Depuis des mois, Dassault Aviation ne cesse de réclamer un changement dans la gouvernance du Système de combat aérien du futur [SCAF] afin d’avoir toute la latitude nécessaire pour lui permettre de tenir son rôle de maître d’œuvre, pour lequel il a été désigné pour le pilier n° 1 de ce projet, lequel correspond au développement d’un avion de combat de nouvelle génération [NGF – New Generation System]. Et cela d’autant plus que cet appareil devra, comme le Rafale actuellement, effectuer des missions nucléaires et pouvoir embarquer à bord d’un porte-avions.
Or, les deux autres partenaires du pilier n° 1, c’est-à-dire les filiales allemande et espagnole d’Airbus, s’opposent à toute évolution de la gouvernance allant dans le sens voulu par Dassault Aviation.
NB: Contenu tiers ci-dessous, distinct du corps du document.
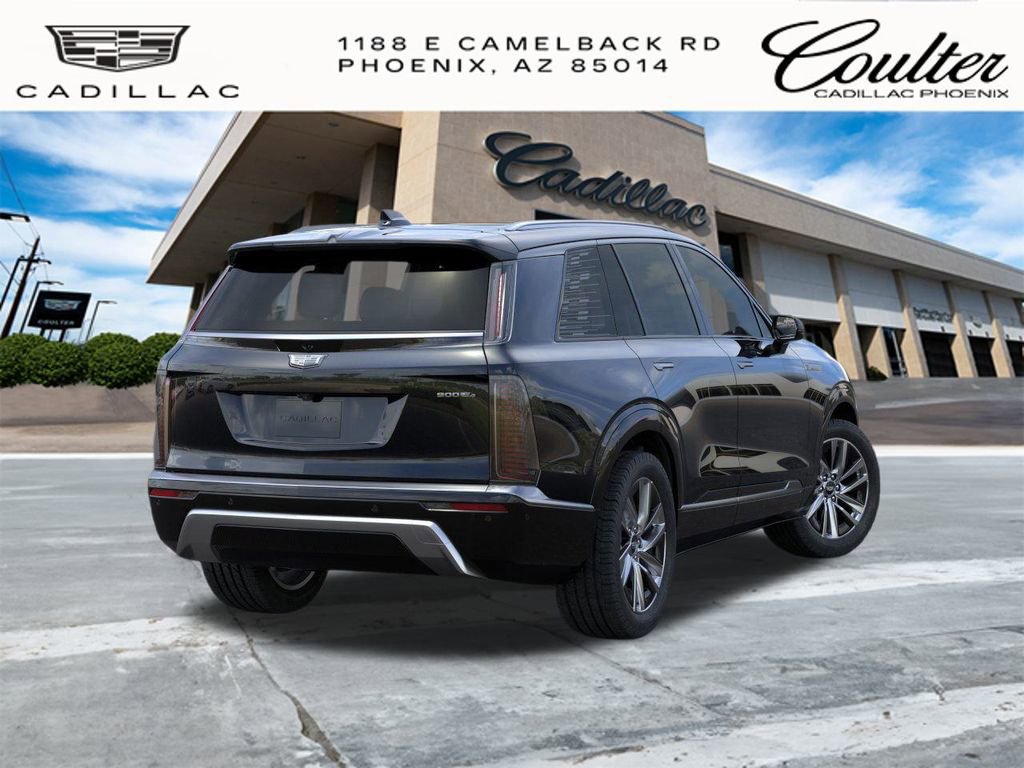 New 2026 Cadillac Vistiq Luxury AWD/4WD image 4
Ce qui fait que, pour le moment, le projet reste bloqué à la phase 1B et que la suivante [la phase 2], censée aboutir au vol d’un démonstrateur, est hypothétique.
« La question se pose pour l’efficacité du projet qui est à trois pays […] où il n’y a pas un vrai leader mais trois ‘co-co-co’. […] Comment je peux avoir un leadership alors que j’ai en face de moi quelqu’un qui pèse deux fois plus ? Comment peut-on assurer une maîtrise d’œuvre si je n’ai pas le droit de choisir des sous-traitants en France, en Espagne et en Allemagne ? […] Je pense que ce n’est pas la bonne méthode pour faire voler un avion », avait résumé Éric Trappier, le PDG de Dassault Aviation, lors de la présentation des résultats semestriels de son groupe, le 22 juillet dernier.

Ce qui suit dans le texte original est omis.